Saudi Arabia and other oil producing nations in the Organization of the Petroleum Exporting Countries and its allies announced voluntary production cuts of around 1.1 million barrels a day, a surprise move they said was to support market stability.
The kingdom said it would cut 500,000 barrels a day from its production from May to the end of 2023, with other members of the group including Russia offering their own cuts. Saudi Arabia said the voluntary cut is in addition to the reduction in production agreed at the 33rd OPEC and non-OPEC Ministerial Meeting on Oct. 5, 2022.
The White House pushed back at the move. “We’re focused on prices for American consumers, not barrels, and prices have come down significantly since last year, more than $1.50 per gallon from their peak last summer,” the National Security Council said in a statement. “We will continue to work with all producers and consumers to ensure energy markets support economic growth and lower prices for American consumers.”

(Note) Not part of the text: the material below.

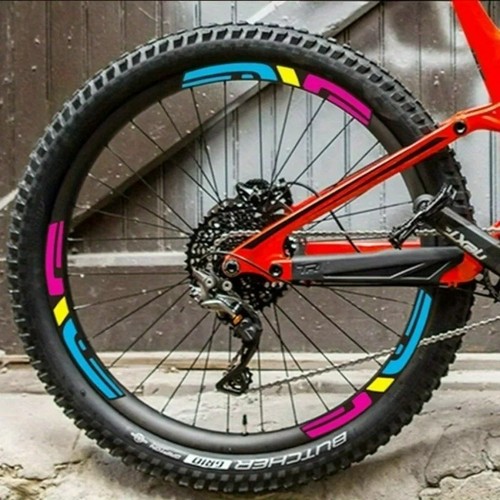 15pcs reflective wheel - wheel, rim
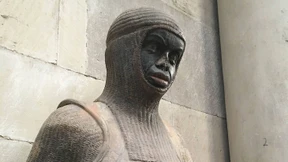 Als der Schwarze wieder weiß wurde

The oil cartel has seen prices for Brent crude, the international benchmark, fall 4.9% in March and 7.2% in the first quarter. It ended Friday at $79.77 a barrel, far below the $120 a barrel it reached last year after Russia’s invasion of Ukraine. It was down 24% as of Friday’s close from one year ago.

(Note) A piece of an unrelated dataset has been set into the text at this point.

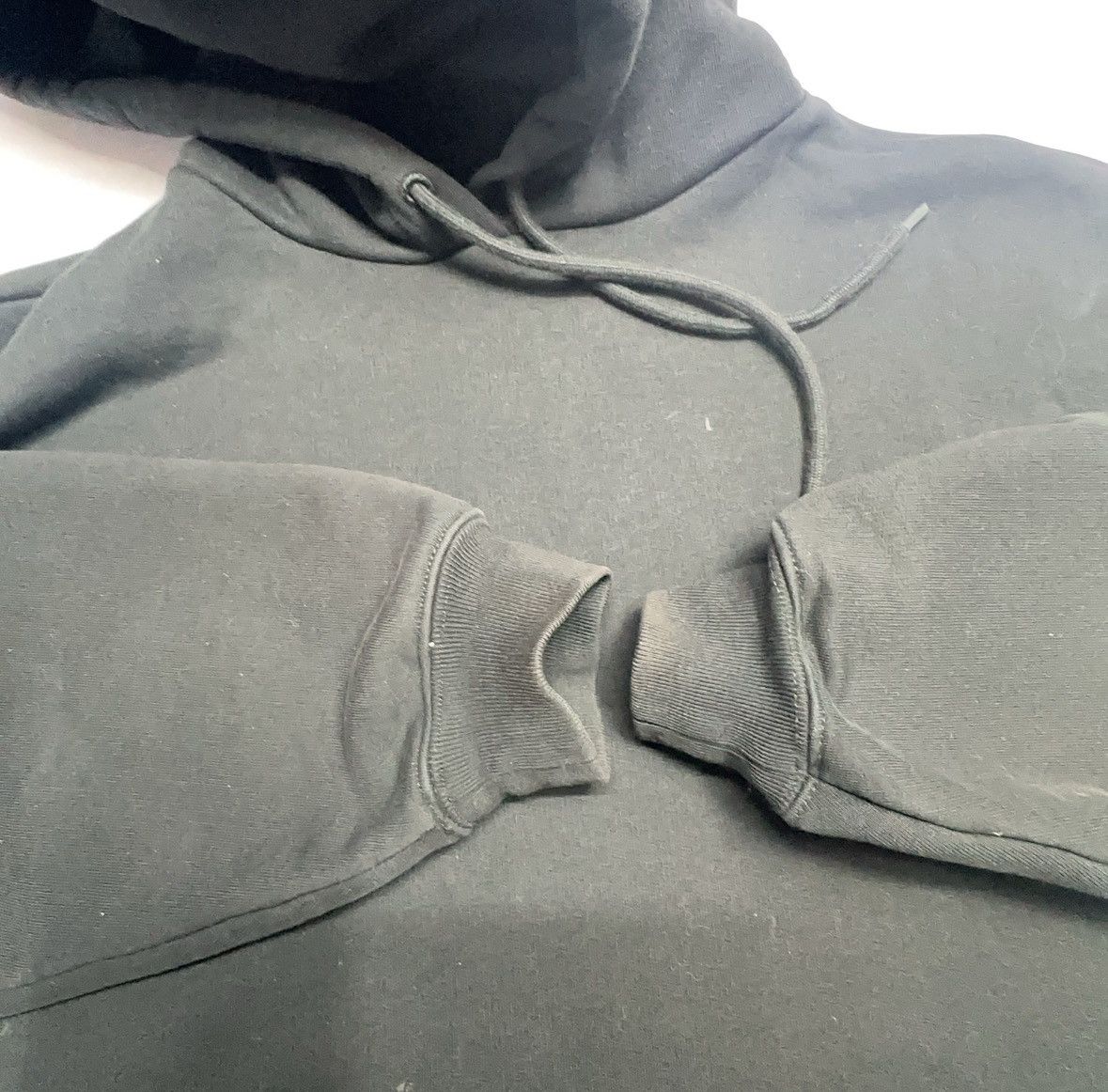Balenciaga Balenciaga Political Campaign Hoodie in Black Size US XS / EU 42 / 0 - 7 Thumbnail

The average price of regular gasoline was $3.505 a gallon nationally, according to AAA as of Sunday. That is down from $4.20 a gallon this time last year.

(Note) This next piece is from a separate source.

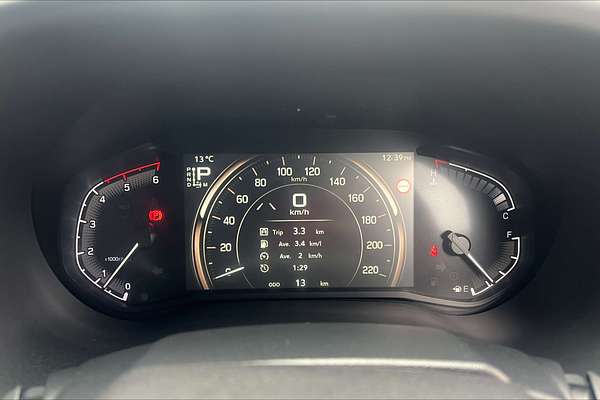 2025 Isuzu MU-X LS-T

Russia’s deputy prime minister, Alexander Novak, said it would extend a March production cut of 500,000 barrels a day through the end of the year, MarketWatch reported. Other counties announcing production cuts include Iraq, Kuwait, United Arab Emirates, Kazakhstan, Algeria, and Oman.
The U.S. and other nations have been battling inflation, with tensions already rising after last fall’s production cuts. The Biden administration has repeatedly called for production to increase, to make sure the price of gasoline at the retail pump stays lower than where it reached last summer.
Helima Croft, head of global commodity strategy at RBC Capital Markets, said in a note on Sunday that the move “can be read as another clear signal that Saudi Arabia and its OPEC partners will seek to short circuit further macro sell-offs and that Jay Powell is not the only central banker that matters,” referring to the Federal Reserve chairman.
From the kingdom’s perspective, Croft added, “the United States is now seen as just one of several partners, and that the bilateral relationship with China is rising in importance.”